▸ ACTION ITEM
Find the line containing "Classroom jobs |" in the entries below. Restate it and each line after it, word for word, up to and including the line containing "Sarah Embellished Wrap Dress Blue".

Records from a dataset:
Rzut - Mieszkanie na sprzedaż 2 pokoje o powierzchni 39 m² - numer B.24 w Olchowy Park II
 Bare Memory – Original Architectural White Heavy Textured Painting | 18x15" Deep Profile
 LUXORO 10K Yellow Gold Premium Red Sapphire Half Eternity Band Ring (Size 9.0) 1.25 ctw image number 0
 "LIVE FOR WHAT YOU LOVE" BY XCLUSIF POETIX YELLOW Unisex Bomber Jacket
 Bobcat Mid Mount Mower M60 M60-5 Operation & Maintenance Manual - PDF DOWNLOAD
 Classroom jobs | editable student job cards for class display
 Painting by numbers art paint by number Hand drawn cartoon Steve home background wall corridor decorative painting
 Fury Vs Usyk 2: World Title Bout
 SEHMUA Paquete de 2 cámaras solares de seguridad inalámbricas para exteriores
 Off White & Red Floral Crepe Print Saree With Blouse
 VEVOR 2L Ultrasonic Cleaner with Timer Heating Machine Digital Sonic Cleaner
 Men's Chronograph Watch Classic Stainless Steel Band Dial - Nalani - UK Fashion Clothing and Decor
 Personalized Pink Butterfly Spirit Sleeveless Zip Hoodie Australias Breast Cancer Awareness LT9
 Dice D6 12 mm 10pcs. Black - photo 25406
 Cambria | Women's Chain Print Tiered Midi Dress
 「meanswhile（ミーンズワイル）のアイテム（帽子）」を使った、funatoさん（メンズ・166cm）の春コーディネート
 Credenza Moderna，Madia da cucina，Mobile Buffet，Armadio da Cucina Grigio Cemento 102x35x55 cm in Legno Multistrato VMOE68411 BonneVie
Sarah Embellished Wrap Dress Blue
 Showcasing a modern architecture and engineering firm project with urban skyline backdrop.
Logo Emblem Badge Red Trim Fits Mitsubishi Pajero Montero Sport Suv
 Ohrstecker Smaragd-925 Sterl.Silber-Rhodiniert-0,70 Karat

▸ FINISHED TASK
 Classroom jobs | editable student job cards for class display
 Painting by numbers art paint by number Hand drawn cartoon Steve home background wall corridor decorative painting
 Fury Vs Usyk 2: World Title Bout
 SEHMUA Paquete de 2 cámaras solares de seguridad inalámbricas para exteriores
 Off White & Red Floral Crepe Print Saree With Blouse
 VEVOR 2L Ultrasonic Cleaner with Timer Heating Machine Digital Sonic Cleaner
 Men's Chronograph Watch Classic Stainless Steel Band Dial - Nalani - UK Fashion Clothing and Decor
 Personalized Pink Butterfly Spirit Sleeveless Zip Hoodie Australias Breast Cancer Awareness LT9
 Dice D6 12 mm 10pcs. Black - photo 25406
 Cambria | Women's Chain Print Tiered Midi Dress
 「meanswhile（ミーンズワイル）のアイテム（帽子）」を使った、funatoさん（メンズ・166cm）の春コーディネート
 Credenza Moderna，Madia da cucina，Mobile Buffet，Armadio da Cucina Grigio Cemento 102x35x55 cm in Legno Multistrato VMOE68411 BonneVie
Sarah Embellished Wrap Dress Blue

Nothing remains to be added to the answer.